Andrew Phipps, Head of Retail Research and Consulting, EMEA, CBRE says: “South Africa is likely to remain the number one choice of destination due to the presence of the elements retailers want to see: the infrastructure, number of quality shopping malls and the existing presence of brands being the strong indicators new entrants will look for”.
“There is certainly appetite for international retailers to enter the market. The challenge is finding the right partner that understands the market as well as the retail brand.”
In terms of infrastructure, there have been significant levels of investment into standby power, wayfinding and parking as developers contribute heavily towards or upgrade the infrastructure themselves. Investment in existing malls is also taking place with many undergoing major refurbishments and modernisation, he explains.

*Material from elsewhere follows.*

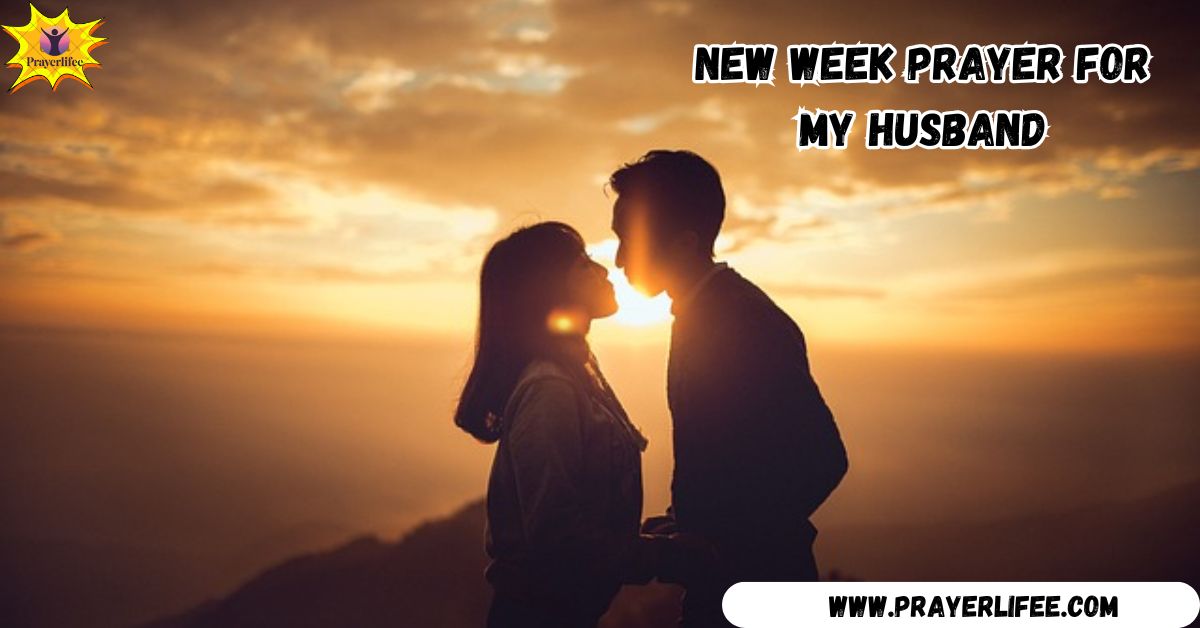 New Week Prayer for My Husband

“GDP growth in Sub-Saharan Africa is far higher than in the BRIC countries now, there is a fear that the Chinese stock market is going to decline further and people will look for other avenues for their investments.”
“The European market isn’t oversaturated but investors are finding it harder to find what they want and feel there is the option to start to invest in the African market. There is also a belief that investors see a growth in middle class Africa and don’t want to be ‘left out’. Population forecasts also sit well as Nigeria is moving towards being the third most populous country in the world,” according to Phipps.
Meanwhile, Gaddy points out that entry into new markets may be a slow process, and local developers/landlords may not always understand this challenge. It can take anything from two to five years, (in some cases even longer) before the tills start ringing. In most cases this “circumspect” approach has yielded acceptable results.
He says some luxury retail brands will have limited opportunities in most major African cities, and in most cases would be limited to four and eight stores per country or region. The economies of scale need to work and critical mass reached to make their entry viable.
Gaddy says this is where opportunities in licensing, franchising and joint venture arrangements exist. Local retailers such as the Surtee Group and the Busby Group have played a key role in the entry by many high end brands into South Africa.
These companies have, over many years, ensured that brands such as Guess, Aldo, Hugo Boss, La Coste and Armani have been a resounding success. International retailers are seeking more partners of this calibre, as most will not venture into new territories without an experienced local partner.
“We have also seen South African retailers acquiring retail brands, outside of their home markets. The recent acquisition of Office by Truworths and David Jones (Australia) by Woolworths SA are examples of this”.
“Equally, other SA retailers such as The Foschini Group, Mr Price and Pepkor are all active in the continent. It be could be that perhaps South African retailers are also experiencing the same challenge of limited growth in their home markets, as experienced by their European counterparts,” he adds.